━━━ Exercise data
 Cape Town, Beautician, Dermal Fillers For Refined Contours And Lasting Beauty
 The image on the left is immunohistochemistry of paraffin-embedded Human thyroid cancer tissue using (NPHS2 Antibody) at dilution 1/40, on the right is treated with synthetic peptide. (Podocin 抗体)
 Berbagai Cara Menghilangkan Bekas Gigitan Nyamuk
━━━━━━
━━━ Exercise data
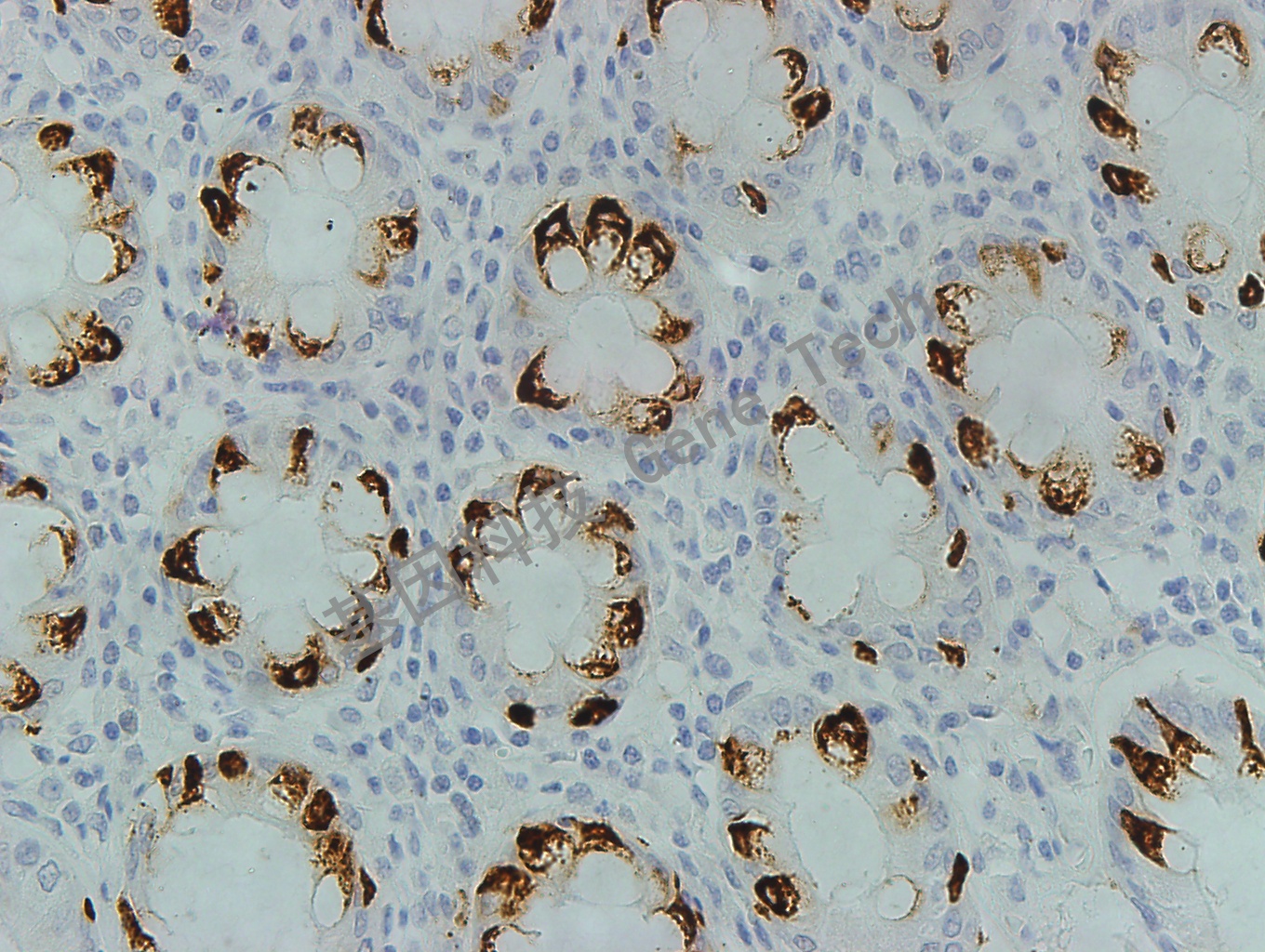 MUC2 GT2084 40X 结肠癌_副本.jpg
━━━━━━
▶ _Task description_: Among the entries above, the line containing "The image on", the line containing "Berbagai Cara Menghilangkan", and all lines between them are to be restated word for word; nothing else belongs in the reply.

▶ _Output of the task_:
 The image on the left is immunohistochemistry of paraffin-embedded Human thyroid cancer tissue using (NPHS2 Antibody) at dilution 1/40, on the right is treated with synthetic peptide. (Podocin 抗体)
 Berbagai Cara Menghilangkan Bekas Gigitan Nyamuk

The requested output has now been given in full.